The abduction of Susanne presents Ivo with an opportunity to both return the unfortunate victim to the West and impress Western authorities with his atonement. Ivo and Susanne narrowly avoid capture and wander through the ruins of East Berlin. They try to board a train at Friedrichstrasse but there are too many ID checks. They sabotage a generator to kill the lights to cross the wall at a large building site. The message boy (Horst) appears on the east side (it is not explained how he crosses the border).

As Ivo helps her to evade the East German authorities, Susanne falls in love with him. She tells him that she can see humanity deep inside a man who had once wished to defend the innocent and the 'rights of man'. This glimpse also appears to the young East Berlin boy who assists Ivo and Susanne in their attempt to escape, as he follows Ivo everywhere, and the boy is treated with kindness. Ivo almost admits his affection for Susanne on one occasion but he directs the conversation back to his sordid past and the escape attempt.

Ivo bribes a woman to let them hide in her flat for the night. They kiss for the first time and it is implied they sleep together. The boy comes to the flat with a laundry lorry driven by Kastner. They hide in the back as it drives to the crossing point, holding each other.

Just as the East German border guards are about the wave the truck through the gate, the engine stalls. Kastner gets it restarted, but not before drawing attention to the lorry. During his attempts to restart the engine, the capped boy circles on his bike a few metres from the checkpoint and has been noticed by one of the border guards; it is he who has unwittingly betrayed them by his presence. To distract the guards, Ivo jumps out of the back and is chased as he runs from the vehicle. As the truck crosses the neutral zone Ivo tries to reach the back and she reaches back for his hand, but he is gunned down by the guards, having sacrificed his life to help Susanne escape.

==Cast==
- James Mason as Ivo Kern
- Claire Bloom as Susanne Mallison
- Hildegard Knef as Bettina
- Geoffrey Toone as Martin
- Aribert Wäscher as Halendar
- Ernst Schröder as Kastner
- Dieter Krause as Horst
- Hilde Sessak as Lizzi
- Karl John as Inspector Kleiber
- Ljuba Welitsch as Salome

==Production==
The movie was filmed on location in Berlin, at the Shepperton Studios in England and at Richmond Ice Rink.

==Reception==
James Mason won the best actor award from the National Board of Review.
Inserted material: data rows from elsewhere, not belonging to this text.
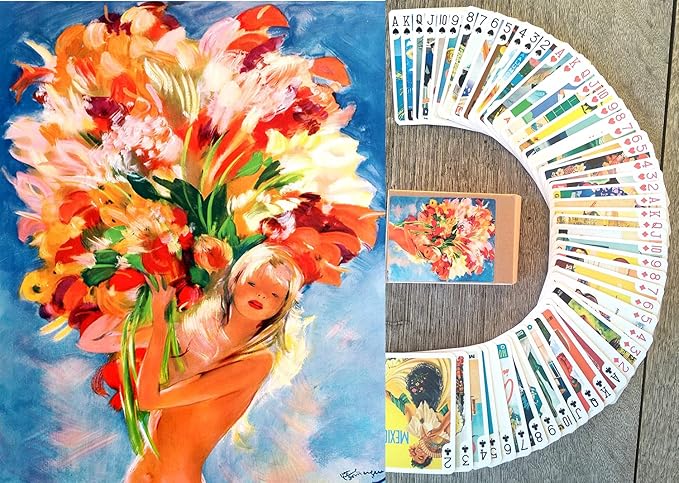 Girls on Travel Posters Playing Cards (Poker Deck 54 Cards All Different) Vintage Retro Travel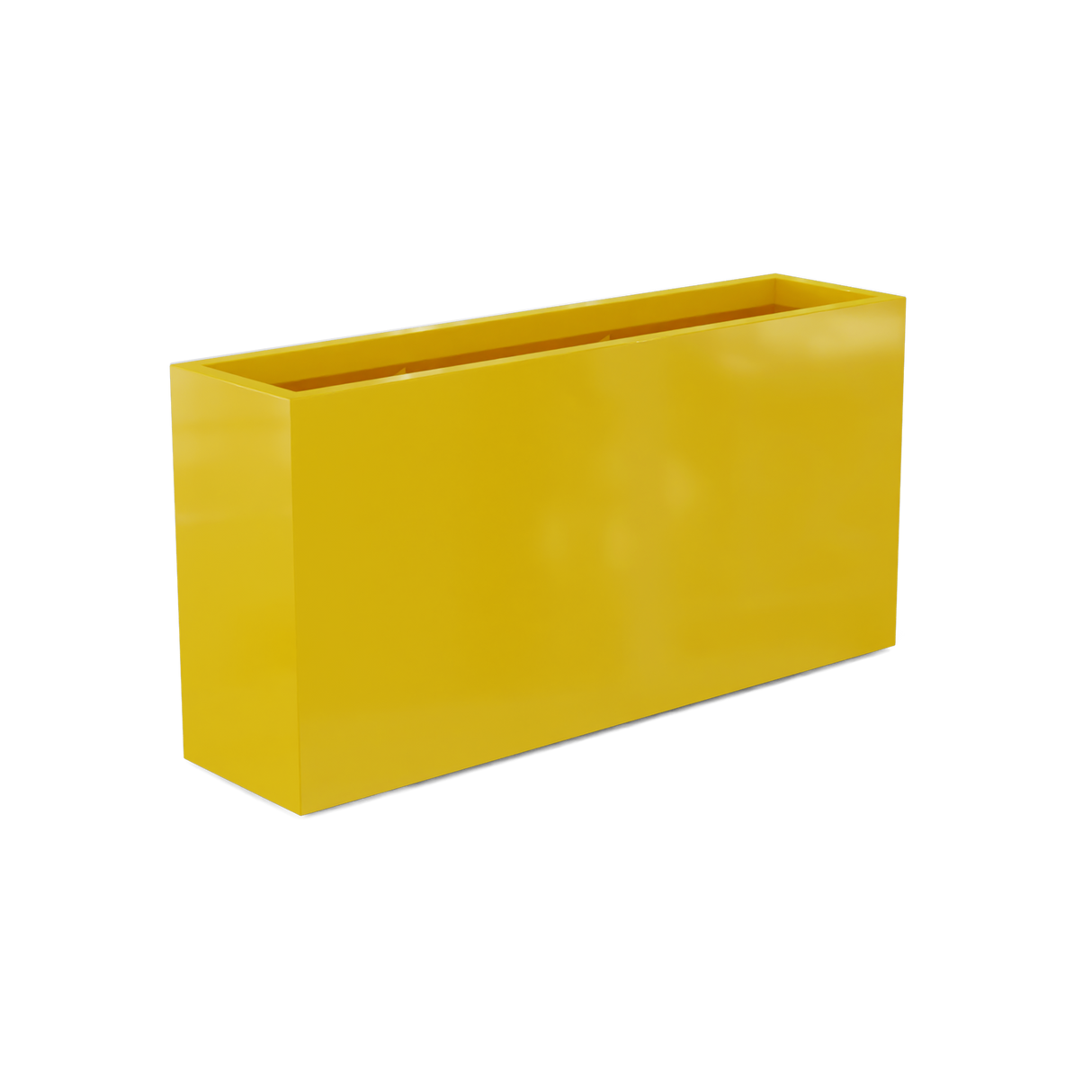 Hollywood narrow fiberglass planter in Gloss Saffron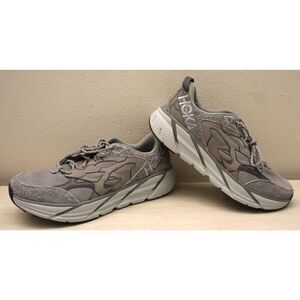 Hoka Women's 12.5 Men's 11.5 Gray Clifton L Suede Elite Terrain System Shoe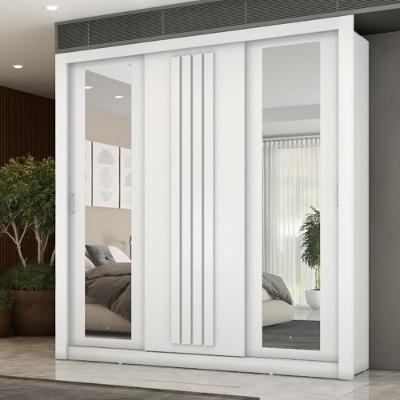 Guarda Roupa Casal 3 Portas Doha Com Espelhos Laterais Carraro Branco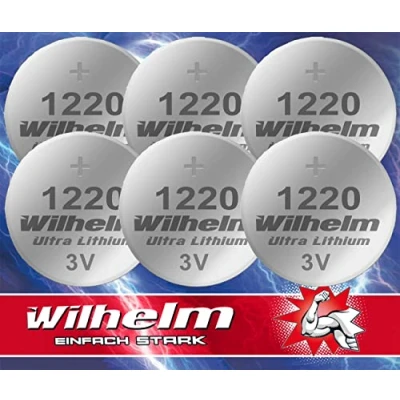Bild av 6 x CR1220 CR 1220 Wilhelm 3 V 40 mAh litiumknappbatteri Ø 12 2 mm, DL1220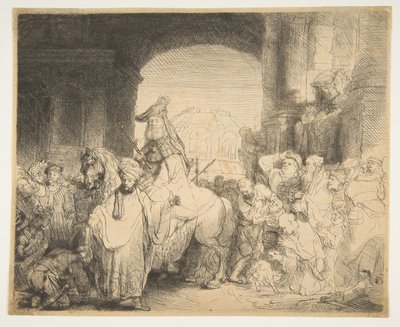 De Triomf van Mordechai door Rembrandt van Rijn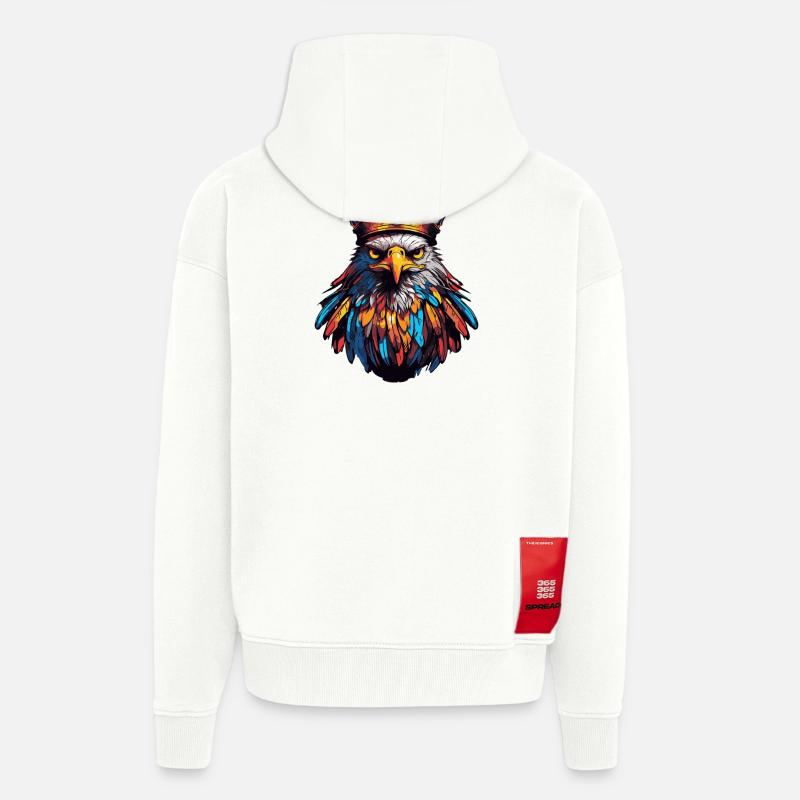 Adler Comic Krone - Zip Hoodie - made by SPREAD - OFF WHITE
Bosley Crowther of The New York Times wrote: "It must be said, without reflection, that the credit for whatever there is in the way of exciting melodrama in this primarily atmospheric film goes to Mr. Reed for his direction of the actors and camera. For it is the attitudes of his people, the moods of the city in various scenes and the cleverness of the assembly, rather than the sharpness of the story told, that account for the modest distinction on the quality level of The Man Between."